Tuesday, March 20, 2012
Dr. Randy Nichols, (right) a physician with Mercy Clinic, has been caring for patients like Glenn Smith (left) in the Fort Scott area for 30 years. Nichols and other clinicians at Mercy will be honored as part of Doctors Day coming up next week.(Submitted Photo)

In honor of physicians, Mercy Hospital will host several activities March 26-30 designed to allow patients and co-workers to get to know the clinicians in a different light.

"Mercy has celebrated Doctors' Day for decades," Mercy Clinic Director Annamarie Holmes said. "We always look forward to recognizing the physicians for their dedication to helping care for the people of the communities where Mercy serves."

As a young woman in the early 1800s Catherine McAuley, founder of Sisters of Mercy, did everything in her power to care for the abused or homeless women and children on the streets of Dublin, Ireland. In 1832, Catherine and the Sisters were the only ones to step forward and help the quarantined sick, including those suffering from cholera.

Throughout the mid-1800s, Catherine's Ministry continued to grow and flourish.

By 1850, her ministry had expanded into the Midwest. In 1886, Sisters of Mercy opened a 12-bed hospital in Fort Scott.

Stories of physicians' outstanding commitment and life-changing work have shaped the model of care for Mercy physicians, a news release said.

The right physician can make all the difference in a patient's life as referenced in this story told by Gordon Parks about Dr. Gordon Baldwin, Mercy Hospital's first physician, the release said.

I was born dead. But a young white doctor plunged my blood-soaked remains into a tub of icy water and miraculously gave me life. With determination he had disallowed even death to defeat me. Years later, when told about the event by an older sister, I went to give him my thanks. But by then he was dead. My mother had expressed her gratitude to him by giving me his name. Dr. Gordon was the savior whose color had nothing to do with his giving me, a Black child, a right to life.

-- Excerpt from A Hungry Heart, a Gordon Parks autobiography

The first Doctors' Day observance was March 30, 1933, in Winder, Ga.
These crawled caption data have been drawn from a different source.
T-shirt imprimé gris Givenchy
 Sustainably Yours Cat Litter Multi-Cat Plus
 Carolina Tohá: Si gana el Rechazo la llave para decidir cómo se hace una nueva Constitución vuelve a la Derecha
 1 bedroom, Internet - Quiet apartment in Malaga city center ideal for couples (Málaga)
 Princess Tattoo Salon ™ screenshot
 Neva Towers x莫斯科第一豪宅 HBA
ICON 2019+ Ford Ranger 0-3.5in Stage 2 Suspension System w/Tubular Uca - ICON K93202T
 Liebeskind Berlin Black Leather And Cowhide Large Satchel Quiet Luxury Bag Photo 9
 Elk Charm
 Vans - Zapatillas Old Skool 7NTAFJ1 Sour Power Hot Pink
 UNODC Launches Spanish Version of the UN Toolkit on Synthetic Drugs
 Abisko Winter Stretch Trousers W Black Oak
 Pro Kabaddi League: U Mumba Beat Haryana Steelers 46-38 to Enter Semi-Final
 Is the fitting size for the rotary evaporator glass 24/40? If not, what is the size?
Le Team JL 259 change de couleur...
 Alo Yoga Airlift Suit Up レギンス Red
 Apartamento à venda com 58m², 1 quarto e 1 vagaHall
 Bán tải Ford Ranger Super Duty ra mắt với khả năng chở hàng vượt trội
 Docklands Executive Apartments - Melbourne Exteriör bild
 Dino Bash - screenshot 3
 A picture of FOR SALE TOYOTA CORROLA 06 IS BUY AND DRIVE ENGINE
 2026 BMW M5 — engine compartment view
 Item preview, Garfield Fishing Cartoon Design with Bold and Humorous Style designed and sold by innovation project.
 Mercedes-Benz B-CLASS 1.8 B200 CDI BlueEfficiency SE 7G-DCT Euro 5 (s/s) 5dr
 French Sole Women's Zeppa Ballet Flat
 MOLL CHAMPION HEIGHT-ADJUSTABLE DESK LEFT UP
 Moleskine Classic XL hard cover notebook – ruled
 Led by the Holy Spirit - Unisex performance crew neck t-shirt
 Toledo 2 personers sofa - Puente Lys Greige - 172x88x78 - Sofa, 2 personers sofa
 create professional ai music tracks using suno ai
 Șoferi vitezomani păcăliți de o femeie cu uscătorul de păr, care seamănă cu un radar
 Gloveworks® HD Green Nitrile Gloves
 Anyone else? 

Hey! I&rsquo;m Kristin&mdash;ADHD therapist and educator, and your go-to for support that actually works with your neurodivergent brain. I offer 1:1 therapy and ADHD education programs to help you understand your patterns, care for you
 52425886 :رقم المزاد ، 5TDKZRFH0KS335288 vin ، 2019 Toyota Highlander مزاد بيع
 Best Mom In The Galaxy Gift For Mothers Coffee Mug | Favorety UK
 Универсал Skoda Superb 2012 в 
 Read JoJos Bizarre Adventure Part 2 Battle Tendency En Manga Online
Eudora Brown Almond, wife of Dr. Charles B. Almond, decided to set aside a day to honor physicians, according to Internet references.

This first observance included mailing greeting cards and placing flowers on graves of deceased doctors. Red carnations are commonly used as the symbolic flower for National Doctors' Day, www.doctorsday.org says.

On March 30, 1958, a resolution marking Doctors' Day was adopted by the U.S. House of Representatives. In 1990, legislation was introduced in the House and Senate to establish a national Doctors' Day.

Following overwhelming approval by the U.S. Senate and the House of Representatives, on Oct. 30, 1990, then-President George Bush signed S.J. RES. No. 366, which became Public Law 101-473, designating March 30 as "National Doctors' Day," the site said.